By Elizabeth Vargo
The polar vortex is back with a vengeance—such a vengeance that Jack Gerard’s flight from Washington to Pittsburgh was one of many cancelled this past week. Gerard, President of the American Petroleum Institute, was scheduled to speak at a policy luncheon on “America’s Energy Choice” hosted by the World Affairs Council of Pittsburgh. Nonetheless, the winter weather didn’t keep Associate Director Joseph Leighton of the Pennsylvania division of API from stepping up to the plate, or rather the podium quite literally, to speak to a room full of energy experts and local high school students at the luncheon held at the Duquesne Club on Wednesday, January 22.
Leighton, who advocates for development in Pennsylvania’s oil and natural gas industry, shared a few moments with Pittsburgh-area high school students prior to the luncheon. “Nowadays, it’s hard for young people to find good jobs,” Leighton states outright. Education in mathematics and the hard sciences, such as chemistry and geology, is the key for young people to eventually attain a well-paying job, says Leighton. In fact, the father of two continually stresses ad nauseam the importance of math and science to his own children.
Despite his heavy emphasis on math and science education, Leighton also acknowledges the need for students in the trades. “Welders,” he points out for instance, “are going to be in great demand.” Leighton, who joined the Army Military Police immediately upon graduating from high school, understands the certain stigma of not choosing the traditional four-year college path. Nonetheless, as he followed his military service with time at community college, Temple University, and then law school, Leighton is living proof that an unorthodox educational path can result in success. “I love my job,” he adds with a smile.
Furthermore, Leighton notes that within fifteen years, over half of the workers in his field will retire. This major demographic shift, coupled with increased energy demand in both the United States and emerging world markets, will create a scarcity of capable workers, Leighton predicts. The American energy industry, he says, will need not only more college-educated engineers, but also skilled trade laborers to work in plants and build American infrastructure.

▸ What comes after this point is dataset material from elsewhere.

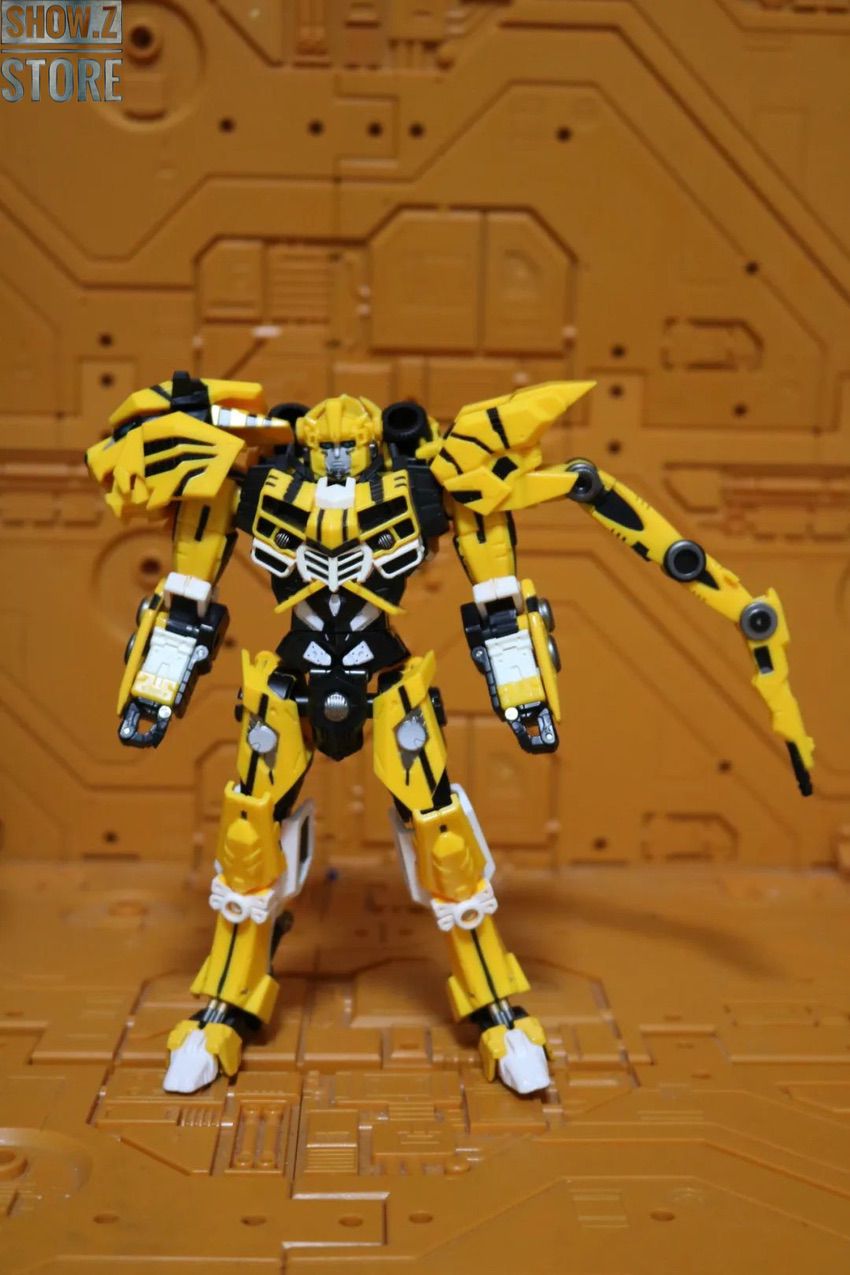Large yellow robot standing display with transformation accessories Large yellow robot standing display with transformation accessories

Also in regard to America’s future, Leighton notes what he believes to be the most pressing issue the US currently faces: the nation’s dependence on foreign energy. This lack of energy autonomy creates not only a domestic problem, but also a critical national security issue. With three years of military service, Leighton fully realizes the threat that dependence poses, as many oil-exporting countries hold “hostile” outlooks toward US interests and ideals. Leighton, remembering his Army buddies, states that he is willing to do whatever it takes to keep the US out of such hostile foreign countries. He adds that placing Americans in harm’s way for the sake of energy is “immoral.” Fostering self-sufficiency in energy can mitigate the issue, Leighton contends. Thus, he urges for further development of American oil and natural gas resources. Pennsylvania, Leighton observes, is “blessed” with a “diverse portfolio” of energy sources, including natural gas, coal, wind, solar, and hydro power, and as a result, has emerged as a major leader in taking full advantage of its energy capabilities.

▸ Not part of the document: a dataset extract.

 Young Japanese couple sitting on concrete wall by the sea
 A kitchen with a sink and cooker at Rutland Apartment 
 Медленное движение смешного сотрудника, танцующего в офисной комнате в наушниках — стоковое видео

While other regions of the US may not possess the same natural resources, they ought to take advantage of what resources they do have, Leighton proposes. For this reason, the recent controversy over the development of the Keystone XL Pipeline frustrates Leighton, who states that there is no “concrete” reason why the pipeline should not be completed. In fact, Leighton says the delay of energy and infrastructure projects like the pipeline is in fact “irresponsible,” as thousands of American jobs are forfeited. With much experience advocating before policy-makers, Leighton realizes first-hand the power of “political agendas, flawed science, fear mongering, and misinformation” in stalling projects such as the completion of the pipeline in the Midwest or the expanded use of hydraulic fracturing in Western Pennsylvania. Putting a man on the moon and ending World War II took less time, he adds as historical points of reference.
To combat such delay and obstruction in the political process, Leighton ultimately urges the public to hold their elected officials accountable. “2014 is an election year,” he states, adding that Americans must vote for leaders that are “willing” to implement policies based on energy independence. Before November comes around though, Americans must be aware of not only their elected officials, but the issues themselves. “We need an educated electorate,” Leighton urges, ultimately leaving the public with a call to action at the start of this new election year.